* [TASK STATEMENT]: Reproduce all entries precisely as they are written.

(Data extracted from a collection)
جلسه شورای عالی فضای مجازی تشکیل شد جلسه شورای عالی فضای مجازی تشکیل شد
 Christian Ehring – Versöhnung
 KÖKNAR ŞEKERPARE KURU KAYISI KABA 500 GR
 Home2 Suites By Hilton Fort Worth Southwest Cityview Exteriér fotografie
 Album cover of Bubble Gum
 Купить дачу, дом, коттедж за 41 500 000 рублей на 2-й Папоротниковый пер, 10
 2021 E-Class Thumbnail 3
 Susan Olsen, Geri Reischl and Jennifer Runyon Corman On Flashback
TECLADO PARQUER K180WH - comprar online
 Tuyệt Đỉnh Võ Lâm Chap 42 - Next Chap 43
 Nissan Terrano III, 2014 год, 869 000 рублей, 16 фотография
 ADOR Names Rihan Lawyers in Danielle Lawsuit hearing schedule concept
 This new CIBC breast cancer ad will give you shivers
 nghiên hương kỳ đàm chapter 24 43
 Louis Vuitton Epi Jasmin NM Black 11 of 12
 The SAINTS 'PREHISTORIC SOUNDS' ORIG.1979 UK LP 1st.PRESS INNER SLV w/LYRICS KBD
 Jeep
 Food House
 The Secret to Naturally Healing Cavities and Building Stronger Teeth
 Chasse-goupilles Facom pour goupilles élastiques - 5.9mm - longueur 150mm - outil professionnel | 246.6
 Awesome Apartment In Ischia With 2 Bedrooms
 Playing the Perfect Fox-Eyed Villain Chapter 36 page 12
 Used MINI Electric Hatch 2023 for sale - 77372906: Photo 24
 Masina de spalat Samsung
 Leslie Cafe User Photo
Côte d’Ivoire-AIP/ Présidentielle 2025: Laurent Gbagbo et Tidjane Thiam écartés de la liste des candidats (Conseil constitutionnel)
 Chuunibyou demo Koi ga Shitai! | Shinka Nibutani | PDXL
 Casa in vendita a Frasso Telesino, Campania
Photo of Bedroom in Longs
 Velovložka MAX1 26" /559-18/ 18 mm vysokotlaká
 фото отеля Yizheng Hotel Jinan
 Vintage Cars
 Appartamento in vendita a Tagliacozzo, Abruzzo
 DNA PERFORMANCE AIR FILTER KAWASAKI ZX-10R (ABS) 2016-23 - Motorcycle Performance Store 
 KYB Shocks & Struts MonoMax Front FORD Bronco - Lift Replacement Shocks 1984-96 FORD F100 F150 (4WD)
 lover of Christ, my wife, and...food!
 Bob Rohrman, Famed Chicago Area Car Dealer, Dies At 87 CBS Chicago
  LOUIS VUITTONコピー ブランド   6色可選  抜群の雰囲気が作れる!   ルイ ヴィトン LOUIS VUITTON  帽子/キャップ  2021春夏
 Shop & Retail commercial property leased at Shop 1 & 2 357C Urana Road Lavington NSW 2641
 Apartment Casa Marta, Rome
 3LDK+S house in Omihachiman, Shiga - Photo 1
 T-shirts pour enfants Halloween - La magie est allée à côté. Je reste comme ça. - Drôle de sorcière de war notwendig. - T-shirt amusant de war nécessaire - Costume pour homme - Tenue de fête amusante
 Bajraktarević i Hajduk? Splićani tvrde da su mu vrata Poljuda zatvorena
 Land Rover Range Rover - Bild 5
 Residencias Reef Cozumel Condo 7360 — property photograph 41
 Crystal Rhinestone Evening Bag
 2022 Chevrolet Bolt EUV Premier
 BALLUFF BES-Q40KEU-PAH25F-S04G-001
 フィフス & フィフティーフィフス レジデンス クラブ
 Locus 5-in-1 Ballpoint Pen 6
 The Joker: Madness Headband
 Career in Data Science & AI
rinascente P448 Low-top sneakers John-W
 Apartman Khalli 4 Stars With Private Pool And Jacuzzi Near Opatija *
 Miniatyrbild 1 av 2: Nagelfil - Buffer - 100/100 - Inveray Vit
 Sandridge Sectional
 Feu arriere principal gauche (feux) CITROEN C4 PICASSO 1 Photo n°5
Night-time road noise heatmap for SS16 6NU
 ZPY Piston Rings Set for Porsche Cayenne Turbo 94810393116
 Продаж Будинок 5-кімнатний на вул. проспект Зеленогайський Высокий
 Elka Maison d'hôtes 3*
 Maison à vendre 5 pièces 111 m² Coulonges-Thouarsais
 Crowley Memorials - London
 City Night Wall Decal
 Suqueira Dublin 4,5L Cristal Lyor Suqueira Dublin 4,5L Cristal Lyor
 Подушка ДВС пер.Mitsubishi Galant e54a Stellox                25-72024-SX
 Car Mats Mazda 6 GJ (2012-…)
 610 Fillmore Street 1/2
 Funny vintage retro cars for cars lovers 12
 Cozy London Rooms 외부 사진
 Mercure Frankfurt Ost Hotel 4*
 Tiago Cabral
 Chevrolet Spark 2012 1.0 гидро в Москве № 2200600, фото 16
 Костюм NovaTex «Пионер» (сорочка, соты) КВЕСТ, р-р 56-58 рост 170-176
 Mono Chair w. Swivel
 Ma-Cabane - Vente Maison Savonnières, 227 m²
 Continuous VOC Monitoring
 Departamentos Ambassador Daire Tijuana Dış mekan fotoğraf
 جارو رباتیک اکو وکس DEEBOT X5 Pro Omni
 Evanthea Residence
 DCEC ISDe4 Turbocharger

* [YOUR SOLUTION]:
جلسه شورای عالی فضای مجازی تشکیل شد جلسه شورای عالی فضای مجازی تشکیل شد
 Christian Ehring – Versöhnung
 KÖKNAR ŞEKERPARE KURU KAYISI KABA 500 GR
 Home2 Suites By Hilton Fort Worth Southwest Cityview Exteriér fotografie
 Album cover of Bubble Gum
 Купить дачу, дом, коттедж за 41 500 000 рублей на 2-й Папоротниковый пер, 10
 2021 E-Class Thumbnail 3
 Susan Olsen, Geri Reischl and Jennifer Runyon Corman On Flashback
TECLADO PARQUER K180WH - comprar online
 Tuyệt Đỉnh Võ Lâm Chap 42 - Next Chap 43
 Nissan Terrano III, 2014 год, 869 000 рублей, 16 фотография
 ADOR Names Rihan Lawyers in Danielle Lawsuit hearing schedule concept
 This new CIBC breast cancer ad will give you shivers
 nghiên hương kỳ đàm chapter 24 43
 Louis Vuitton Epi Jasmin NM Black 11 of 12
 The SAINTS 'PREHISTORIC SOUNDS' ORIG.1979 UK LP 1st.PRESS INNER SLV w/LYRICS KBD
 Jeep
 Food House
 The Secret to Naturally Healing Cavities and Building Stronger Teeth
 Chasse-goupilles Facom pour goupilles élastiques - 5.9mm - longueur 150mm - outil professionnel | 246.6
 Awesome Apartment In Ischia With 2 Bedrooms
 Playing the Perfect Fox-Eyed Villain Chapter 36 page 12
 Used MINI Electric Hatch 2023 for sale - 77372906: Photo 24
 Masina de spalat Samsung
 Leslie Cafe User Photo
Côte d’Ivoire-AIP/ Présidentielle 2025: Laurent Gbagbo et Tidjane Thiam écartés de la liste des candidats (Conseil constitutionnel)
 Chuunibyou demo Koi ga Shitai! | Shinka Nibutani | PDXL
 Casa in vendita a Frasso Telesino, Campania
Photo of Bedroom in Longs
 Velovložka MAX1 26" /559-18/ 18 mm vysokotlaká
 фото отеля Yizheng Hotel Jinan
 Vintage Cars
 Appartamento in vendita a Tagliacozzo, Abruzzo
 DNA PERFORMANCE AIR FILTER KAWASAKI ZX-10R (ABS) 2016-23 - Motorcycle Performance Store 
 KYB Shocks & Struts MonoMax Front FORD Bronco - Lift Replacement Shocks 1984-96 FORD F100 F150 (4WD)
 lover of Christ, my wife, and...food!
 Bob Rohrman, Famed Chicago Area Car Dealer, Dies At 87 CBS Chicago
  LOUIS VUITTONコピー ブランド   6色可選  抜群の雰囲気が作れる!   ルイ ヴィトン LOUIS VUITTON  帽子/キャップ  2021春夏
 Shop & Retail commercial property leased at Shop 1 & 2 357C Urana Road Lavington NSW 2641
 Apartment Casa Marta, Rome
 3LDK+S house in Omihachiman, Shiga - Photo 1
 T-shirts pour enfants Halloween - La magie est allée à côté. Je reste comme ça. - Drôle de sorcière de war notwendig. - T-shirt amusant de war nécessaire - Costume pour homme - Tenue de fête amusante
 Bajraktarević i Hajduk? Splićani tvrde da su mu vrata Poljuda zatvorena
 Land Rover Range Rover - Bild 5
 Residencias Reef Cozumel Condo 7360 — property photograph 41
 Crystal Rhinestone Evening Bag
 2022 Chevrolet Bolt EUV Premier
 BALLUFF BES-Q40KEU-PAH25F-S04G-001
 フィフス & フィフティーフィフス レジデンス クラブ
 Locus 5-in-1 Ballpoint Pen 6
 The Joker: Madness Headband
 Career in Data Science & AI
rinascente P448 Low-top sneakers John-W
 Apartman Khalli 4 Stars With Private Pool And Jacuzzi Near Opatija *
 Miniatyrbild 1 av 2: Nagelfil - Buffer - 100/100 - Inveray Vit
 Sandridge Sectional
 Feu arriere principal gauche (feux) CITROEN C4 PICASSO 1 Photo n°5
Night-time road noise heatmap for SS16 6NU
 ZPY Piston Rings Set for Porsche Cayenne Turbo 94810393116
 Продаж Будинок 5-кімнатний на вул. проспект Зеленогайський Высокий
 Elka Maison d'hôtes 3*
 Maison à vendre 5 pièces 111 m² Coulonges-Thouarsais
 Crowley Memorials - London
 City Night Wall Decal
 Suqueira Dublin 4,5L Cristal Lyor Suqueira Dublin 4,5L Cristal Lyor
 Подушка ДВС пер.Mitsubishi Galant e54a Stellox                25-72024-SX
 Car Mats Mazda 6 GJ (2012-…)
 610 Fillmore Street 1/2
 Funny vintage retro cars for cars lovers 12
 Cozy London Rooms 외부 사진
 Mercure Frankfurt Ost Hotel 4*
 Tiago Cabral
 Chevrolet Spark 2012 1.0 гидро в Москве № 2200600, фото 16
 Костюм NovaTex «Пионер» (сорочка, соты) КВЕСТ, р-р 56-58 рост 170-176
 Mono Chair w. Swivel
 Ma-Cabane - Vente Maison Savonnières, 227 m²
 Continuous VOC Monitoring
 Departamentos Ambassador Daire Tijuana Dış mekan fotoğraf
 جارو رباتیک اکو وکس DEEBOT X5 Pro Omni
 Evanthea Residence
 DCEC ISDe4 Turbocharger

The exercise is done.